> _Action item_:
An exact transcription of the lines from the one holding "开放式出租车司机手机正版图4" to the end of the entries below, and nothing more, is the required answer. Please omit the pictures.

(Collected data)
──────
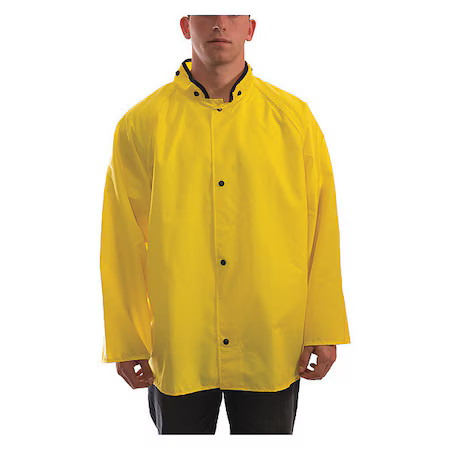 Tingley J21207 Eagle Rain Jacket, Yellow, 2Xl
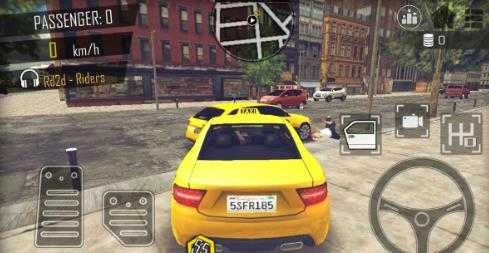 开放式出租车司机手机正版图4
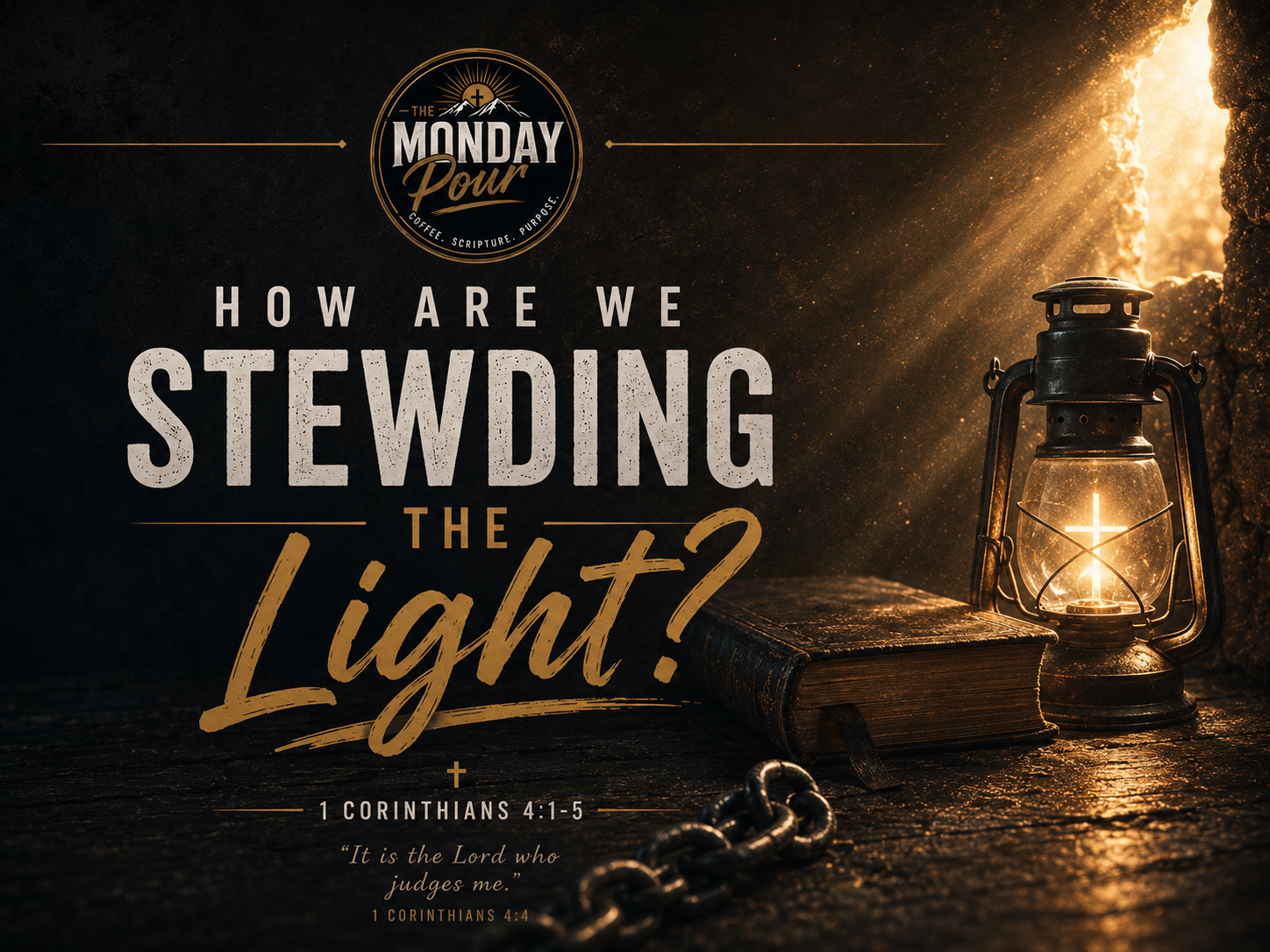 Stewarding the Light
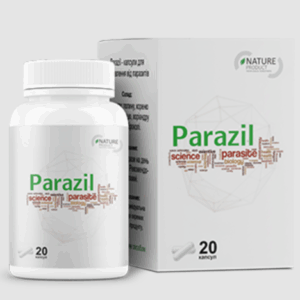 Парасиль Капсули від паразитів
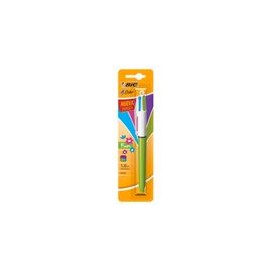 BOLIGRAFO 4 COLORES FASHION 1P - Envío Gratuito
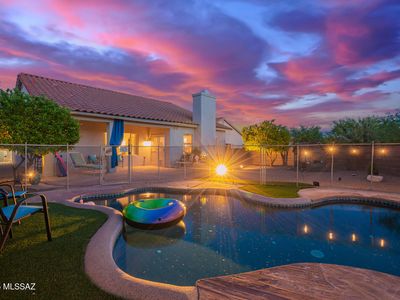 5305 N Via La Doncella, Tucson, AZ, 85750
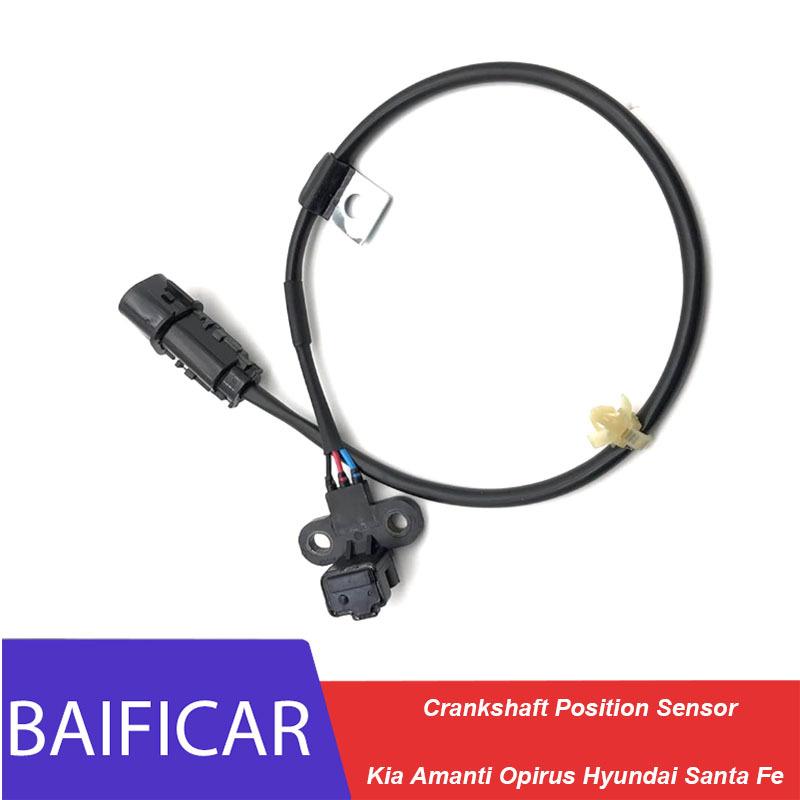 Baificar Brand New Crankshaft Position Sensor 3931039050 39310-39050 For Kia Amanti Opirus Hyundai Santa Fe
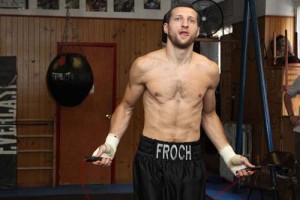 Froch - Ziarul National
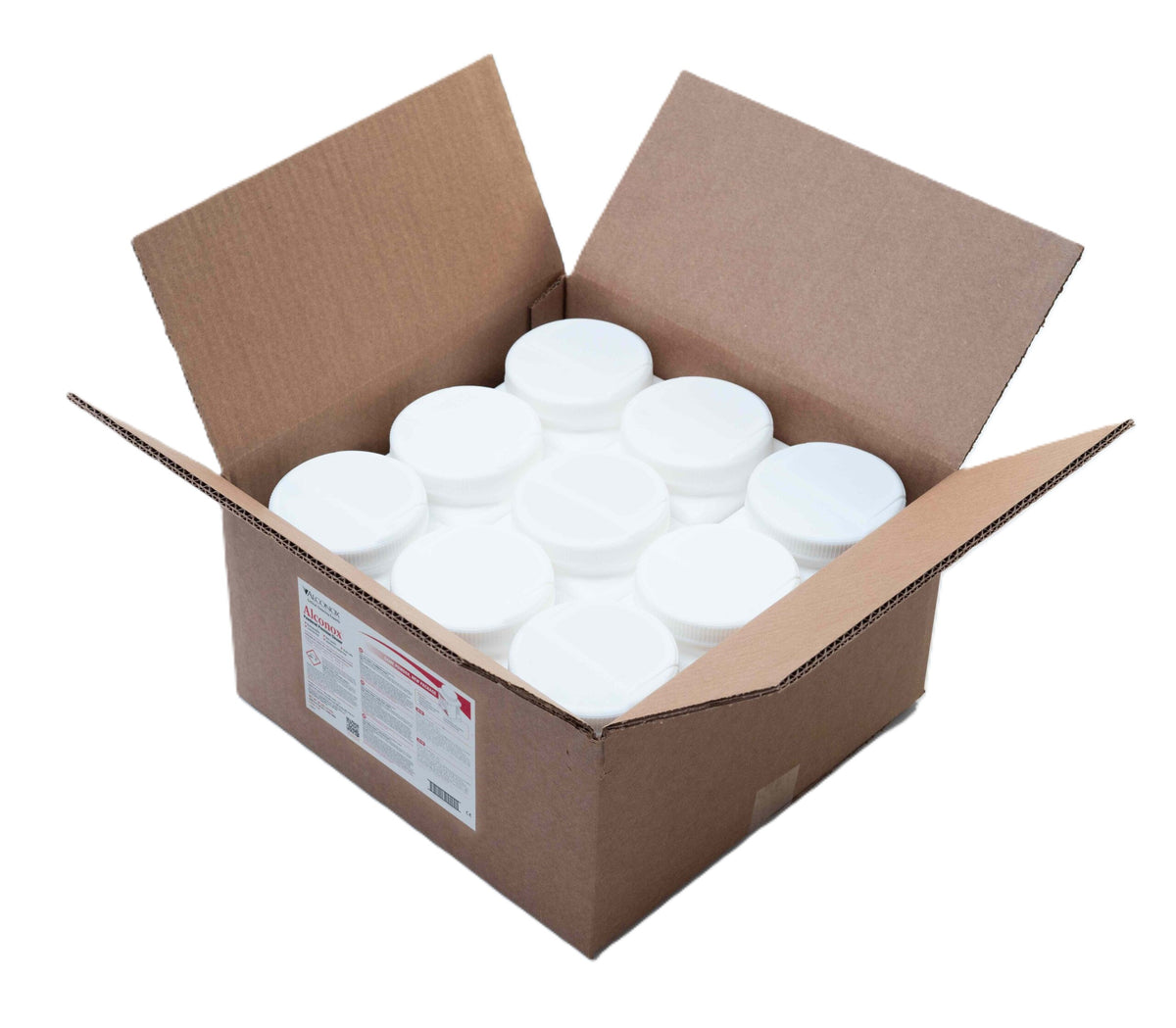Alconox Powdered Precision Cleaner Detergent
──────
> _Expected answer_:
 开放式出租车司机手机正版图4
 Stewarding the Light
 Парасиль Капсули від паразитів
 BOLIGRAFO 4 COLORES FASHION 1P - Envío Gratuito
 5305 N Via La Doncella, Tucson, AZ, 85750
 Baificar Brand New Crankshaft Position Sensor 3931039050 39310-39050 For Kia Amanti Opirus Hyundai Santa Fe
 Froch - Ziarul National
Alconox Powdered Precision Cleaner Detergent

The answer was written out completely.